Chronicles from the Spanish explorer first detailed some indigenous in the area called Coanaos which traveled between the Cabo de la Vela and the region of Valledupar to exchange salt for gold. During the 19th century salt in the region was exploited at Honda Bay and Quebrada Bay on coasts of what is part of the municipality of Manaure which naturally formed lagoons. In 1777 the Spanish government ordered the administration of the Salinas.

In 1824 the government declared the Salinas or salt mines as national patrimony of the nation establishing a regulatory price control. In 1932 the bank of the Republic was given authority over the administration and exploitation of salt mines in Zipaquirá, Nemocón and Sesquilé.

Industrial exploitation and processing of salt in Manaure began in the 1920s when the government gave concessions to individual investors for the exploitation of the salt mine and until the 1940s the mode of collection went from artisan to industrial, when the Bank of the Republic took over the Manaure salt mines. By 1948 salt production in Manaure was between 20,000 and
30,000 tons a year. In 1970 the concession of Manaure salt mines was transferred to the IFI-Concesión Salinas which intensified the production to one million tons a year.

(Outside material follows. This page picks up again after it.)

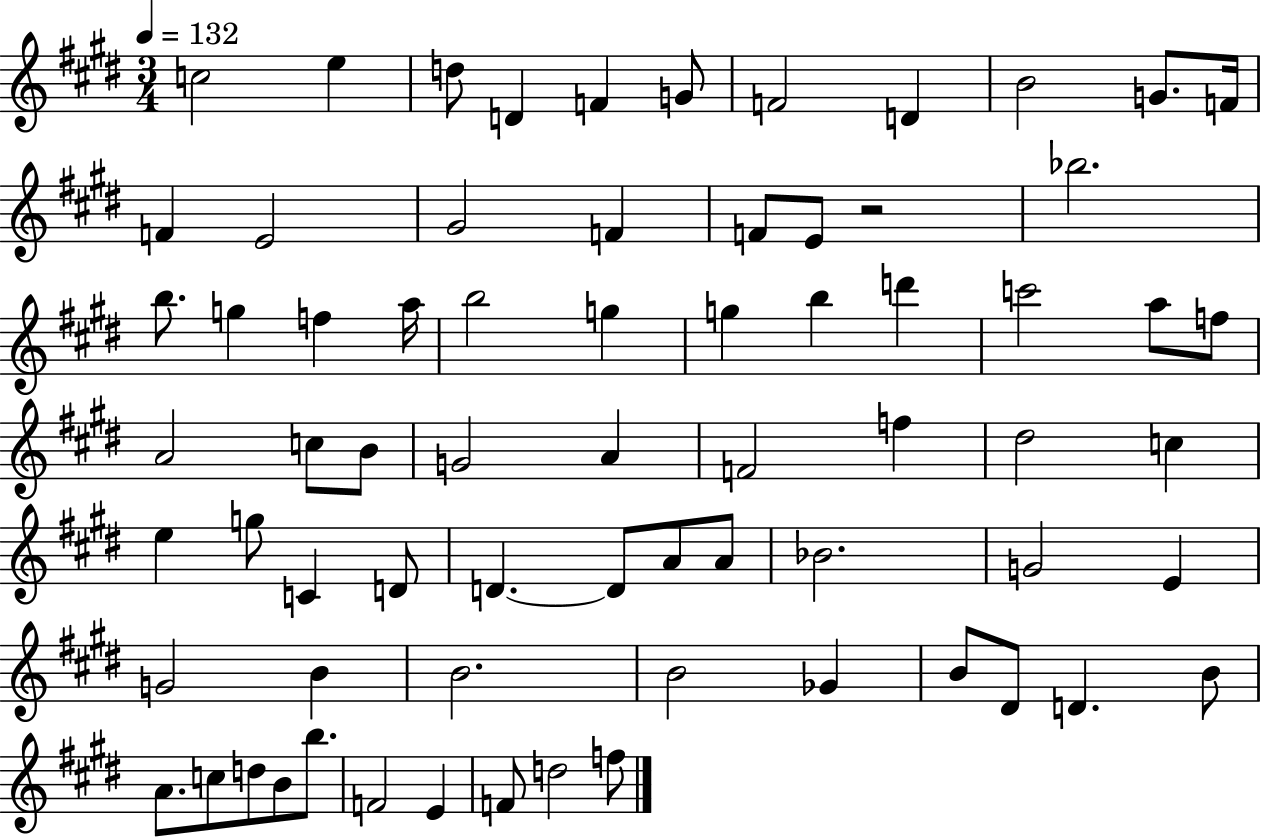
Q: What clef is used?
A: treble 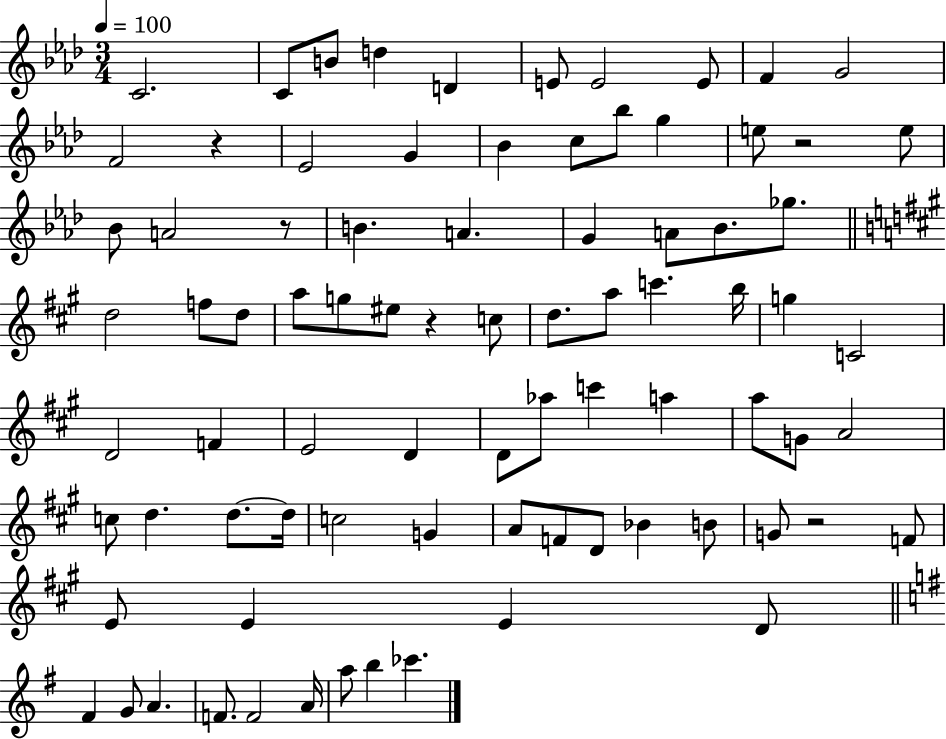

The Wayuu began to claim the area as their ancestral land and historical owners of Manaure. In 1991 the government recognized the claim by the Wayuu and agreed to reorganize production and work conditions under a mixed economy, in which the indigenous would have 25% of the stocks in the company. The accords were not met and the Wayuus sued the government in 1994. The court ordered the creation of Sociedad Salinas de Manaure, SAMA based on the original agreement and linked to the then Ministry of Development. The Wayuu would have 25%, but once again the agreements were not met due to legal problems. In 2002 Law 773 of the same year reestablished the creation of the SAMA, distributing earnings among the Ministry of Development (51%) the indigenous Association "Sumain Ichi" (25%) and the municipality of Manaure (25%).